Los domingos yo casi no dormía esperando que el diario llegara por abajo de la puerta. Cuando veía mi crónica, con mi firma abajo, me parecía un milagro. Como promediaba la década de los ochenta, llegué justo a tiempo para oler cómo se hacían los periódicos antes de la era digital.

Conocí las redacciones antiguas, donde no había computadoras, sino Olivettis de carro ancho; entré a las salas de revelado; conocí el sonido de las viejas Garaventa cuando se atascaban; y, sobre todo, por suerte, fui contemporáneo de tres oficios que ya desaparecieron para siempre: el linotipista, el tipógrafo y el estereotipista.

No dejé nunca de hacer eso (que también es lo que hago ahora), y por alguna razón secreta nunca, en todos estos años, que ya son un montón, dejé de divertirme ni de emocionarme a la hora de escribir.

O, mejor dicho: a la hora de saber que lo que escribo está siendo leído o escuchado por otros, en alguna parte, lejos de mí. Es extraño contar todo esto ahora y de este modo, dictándole la historia a una computadora y leyéndolo después en televisión.

Es extraño saber que ahora mismo, en dos minutos, yo si quiero pulso un botón de la compu y ustedes tienen mis palabras en casa o en la oficina, en Montevideo, en Veracruz, en Sevilla, sin que nadie se haya manchado las manos de tinta, sin carteros, sin tipógrafos, sin esfuerzo.

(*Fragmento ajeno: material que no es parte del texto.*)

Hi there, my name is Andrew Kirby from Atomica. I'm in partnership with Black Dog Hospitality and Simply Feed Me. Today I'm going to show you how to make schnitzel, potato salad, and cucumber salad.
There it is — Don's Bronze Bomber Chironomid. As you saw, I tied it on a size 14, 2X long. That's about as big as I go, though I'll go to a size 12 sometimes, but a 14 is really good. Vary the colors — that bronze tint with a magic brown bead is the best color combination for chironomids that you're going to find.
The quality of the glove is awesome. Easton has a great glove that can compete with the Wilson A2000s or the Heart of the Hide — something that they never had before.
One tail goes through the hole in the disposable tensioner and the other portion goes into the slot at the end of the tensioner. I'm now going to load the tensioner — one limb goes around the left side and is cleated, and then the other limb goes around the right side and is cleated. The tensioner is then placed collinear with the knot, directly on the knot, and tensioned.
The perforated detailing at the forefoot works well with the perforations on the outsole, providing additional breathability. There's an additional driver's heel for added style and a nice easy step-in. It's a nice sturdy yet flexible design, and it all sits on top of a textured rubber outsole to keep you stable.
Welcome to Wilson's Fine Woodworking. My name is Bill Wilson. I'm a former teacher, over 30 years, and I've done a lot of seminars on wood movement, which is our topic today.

No pasó tanto tiempo, solamente pasaron treinta y cinco, cuarenta años, entre una cosa y la otra. No hay mucha diferencia entre el chico de campo que escribía a máquina para un diario de su pueblo y este que soy ahora, el que dicta este párrafo en su casa o el que después lo lee en la tele.

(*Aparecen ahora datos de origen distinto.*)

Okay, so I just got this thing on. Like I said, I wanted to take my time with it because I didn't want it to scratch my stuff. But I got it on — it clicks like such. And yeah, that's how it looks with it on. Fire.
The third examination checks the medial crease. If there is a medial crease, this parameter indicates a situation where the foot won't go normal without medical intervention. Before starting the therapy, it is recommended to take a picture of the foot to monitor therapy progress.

El chico de entonces, el gordito, aquel que caminaba las cuatro cuadras con el corazón en la boca y el texto nuevo en las manos, el que deseaba que la vida futura estuviera llena de cuentos y de palabras, yo creo que ya puede dormir tranquilo.

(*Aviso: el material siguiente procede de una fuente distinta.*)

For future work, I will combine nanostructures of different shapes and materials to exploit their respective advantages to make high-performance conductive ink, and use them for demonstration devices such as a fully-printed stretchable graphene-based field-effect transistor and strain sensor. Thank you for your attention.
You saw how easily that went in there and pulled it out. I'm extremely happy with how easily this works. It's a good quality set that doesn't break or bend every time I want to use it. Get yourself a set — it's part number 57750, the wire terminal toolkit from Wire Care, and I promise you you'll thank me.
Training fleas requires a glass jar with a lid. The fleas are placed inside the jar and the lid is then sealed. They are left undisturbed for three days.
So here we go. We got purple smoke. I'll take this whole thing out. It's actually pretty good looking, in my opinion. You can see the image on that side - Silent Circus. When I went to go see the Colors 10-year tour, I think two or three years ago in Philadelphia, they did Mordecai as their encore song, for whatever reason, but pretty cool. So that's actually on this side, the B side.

Igual, mucho más tarde descubrí que esos sesenta mil pesos argentinos que me pagaban en el diario, en realidad, se los daba mi papá al dueño del diario. No me los pagaba el diario. Era Roberto Casciari el que ponía la plata para que a mí me diera la impresión de estar trabajando de lo que más me gustaba.

A veces, de noche, siento que esto que hago ahora, escribir libros o leer cuentos en la tele, no me lo pagan los lectores, ni Telefe, sino mi propia familia. A veces pienso que es mi viejo el que pone la plata para que yo me divierta con lo que me gusta.

Y si fuera así, yo prefiero seguir haciéndome el boludo.